L’émergence d’un nouveau profil d’entreprises confirmé

Des étudiantes de l'institut Agro Rennes-Angers ont travaillé sur la caractérisation de la production française. L'observatoire 2021(1)recense 278 entreprises spécialisées, cultivant 183 millions de tiges de fleurs, principalement dans les régions Paca et Pays de la Loire. Pour compléter ce panorama, les étudiantes ont réalisé une enquête à laquelle 57 producteurs ont répondu. Si ce nombre est trop faible pour en tirer un panorama complet, l'enquête a eu le mérite de confirmer l'émergence d'un nouveau profil d'entreprises, de types « fermes florales », petites structures orientées vers la production d'une large gamme de fleurs de saison en pleine terre (dahlias, pivoine, anémones, tulipes, renoncules, zinnias…), vendues en circuit court. Le Collectif de la fleur française recense déjà 250 fermes de ce type.

Près de 80 % des fleurs vendues en France sont importées, en raison d'un déficit de compétitivité : atomisation de la production, insuffisance de producteurs et de volumes, faible structuration, freins logistiques et coûts de production. L'engouement pour le local est une occasion de rebondir, à condition de lever ces freins et de mobiliser l'ensemble des maillons de la filière. Karine Oswald-Poulet, de l'association Hexavalor, a expliqué en quoi la reconnaissance des groupements horticoles comme organisations de producteurs pouvait être un levier important de structuration, notamment grâce aux aides européennes à leurs programmes opérationnels. Un groupement horticole est aujourd'hui reconnu (Fleuron d'Anjou) et trois autres sont en cours d'instruction.

Innover et répondre aux attentes du marché

L'après-midi était consacré à des échanges en atelier. Le premier était consacré aux besoins d'innovation pour répondre aux attentes du marché et se différencier de l'offre importée. Après une présentation des actions d'anticipation des tendances et de promotion des fleurs et plantes par l'Office hollandais des fleurs, deux obtenteurs ont expliqué le rôle qu'ils pouvaient jouer dans le processus de relance de la filière. La richesse de leurs collections génétiques et leur savoir-faire de sélection offrent un grand potentiel d'innovation et de différenciation, par exemple des roses parfumées issues des collections de rosiers de jardin pour Meilland, la diversité de formes pour les Dahlia des établissements Ernest Turc.
Les professionnels de la production et du commerce ont été invités à exprimer leurs besoins pour guider les travaux de sélection vers les types de fleurs à meilleur potentiel, à la fois au plan commercial et technique, ainsi qu'à participer aux essais afin de valider les nouveautés et d'en définir les meilleurs itinéraires de culture.

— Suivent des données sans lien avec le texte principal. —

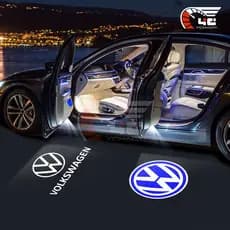 2/4Pcs Porta Do Carro LED Luz De Boas-Vindas Projetor Laser Lâmpadas De Cortesia Para Volkswagen Golf Passat Jetta Magotan Touareg Tuguan Touran Sagitar Eos T-ROC Acessórios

Structurer la filière pour mieux exister

Le second atelier était consacré au rôle des grossistes dans la structuration de la filière. Face à une production atomisée et des fleuristes demandeurs d'une grande diversité en petits volumes, David Cabin, gérant de l'entreprise de gros Peigne fleurs, a rappelé le rôle important du grossiste : consolider l'offre et proposer une grande diversité de produits aux détaillants ; optimiser la logistique et offrir des services adaptés aux besoins des fleuristes ; guider les producteurs sur les tendances et leur donner accès à un nombre plus important de clients ; simplifier la commercialisation pour se concentrer sur la production.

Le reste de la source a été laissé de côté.